26.Unlike the Introit and Communion antiphons, which have a neumatic texture and are accompanied by psalm verses sung to a simple tone by the choir, the Alleluia is a responsorial chant: melismatic in texture, with a single virtuosic verse sung by a soloist. Alleluya, Multifarie is a joyful and extroverted chant in the seventh Mode: an authentic (high) Mixolydian mode with a final pitch on G. The Response of Alleluya occupies the first two staves: this portion of the chant would be intoned by a single cantor or group of cantors. As is typical of Alleluia melodies, Alleluya, Multifarie is built on the principle of motivic repetition and variation. An example of this may be seen in the opening of the melody, where the three pitch motive G-a-G on the syllable A is followed by an ascending triad built on the undertone: F-a-c; followed by a repletion of G-a-G, and on lu the ascending triad repeats, this time blooming to cadence on the reciting tone of d on the concluding syllable ya. This much is repeated by the choir, then all join together on the textless melisma known as the jubilus which follows. The virtuosic solo verse, Multifarie begins on the fourth staff, but is cut off after the text olim de.

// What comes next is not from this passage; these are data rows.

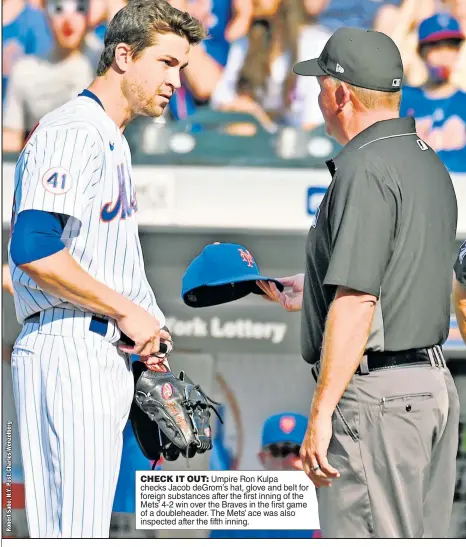  ??  ?? CHECK IT OUT: Umpire Ron Kulpa checks Jacob deGrom’s hat, glove and belt for foreign substances after the first inning of the Mets’ 4-2 win over the Braves in the first game of a doublehead­er. The Mets’ ace was also inspected after the fifth inning.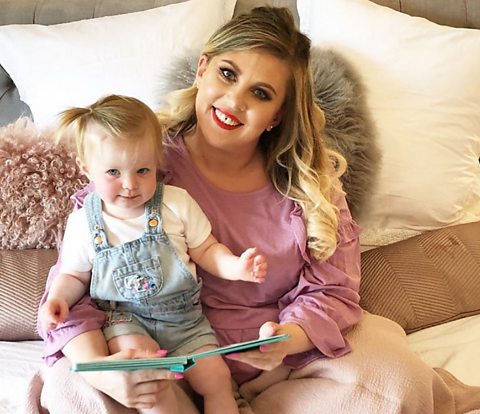 Louise Pentland and her child reading in bed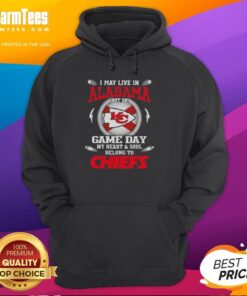 Fan wearing a Kansas City Chiefs hoodie, showcasing pride with the text 'Nice, I may live in Alabama, but on game day...'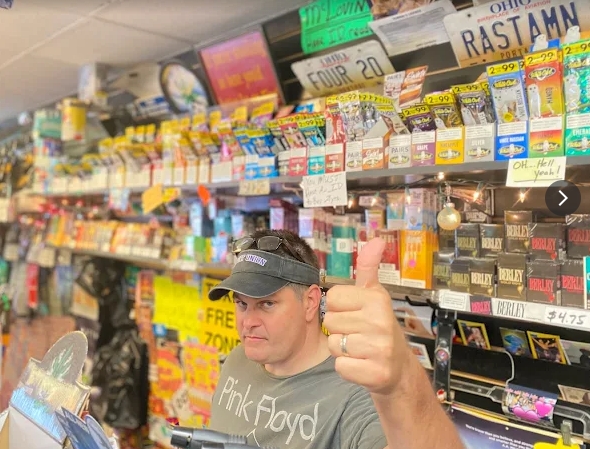 Chris Todd behind the counter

Example 3. 2003:29: Leaf from a Hymnarium
Figure 5
Figure 6

27. The third example, 2003.29, shown in Figures 5-6, is a leaf from a hymnarium or hymnal: a book of hymns for the office. Framed and uncataloged, the leaf was displayed for years in UNI’s Rod Library before being transferred to the Permanent Art Collection in 2003.[25] The page is ruled in red ink according to the format of a strophic hymn, in which only the first verse of the hymn is notated, with subsequent verses given in text only. In layout, decoration, and script, the leaf bears a remarkable resemblance to the manuscript Salamanca, Archivo de la Catedral, ms. 37, dated to the year 1714.[26] Similarities in layout between the two sources include the double vertical lines that frame each side of the text block and the format of fifteen textual lines, with musical staves occupying the vertical space of two textual lines. The text in both manuscripts is written in Italian textualis style, with decorated initials in blue ink against a square background patterned in red ink. The notational hands are similar, yet differences in the formation of the C and F clefs show that they were the product of different hands. While it would be tempting to assign the hymnal leaf a similar date to Salamanca Ms. 37, we must bear in mind James Boyce’s admonition in regard to the latter manuscript that “…one needs to be wary about dating manuscripts solely on the basis of paleography.”[27]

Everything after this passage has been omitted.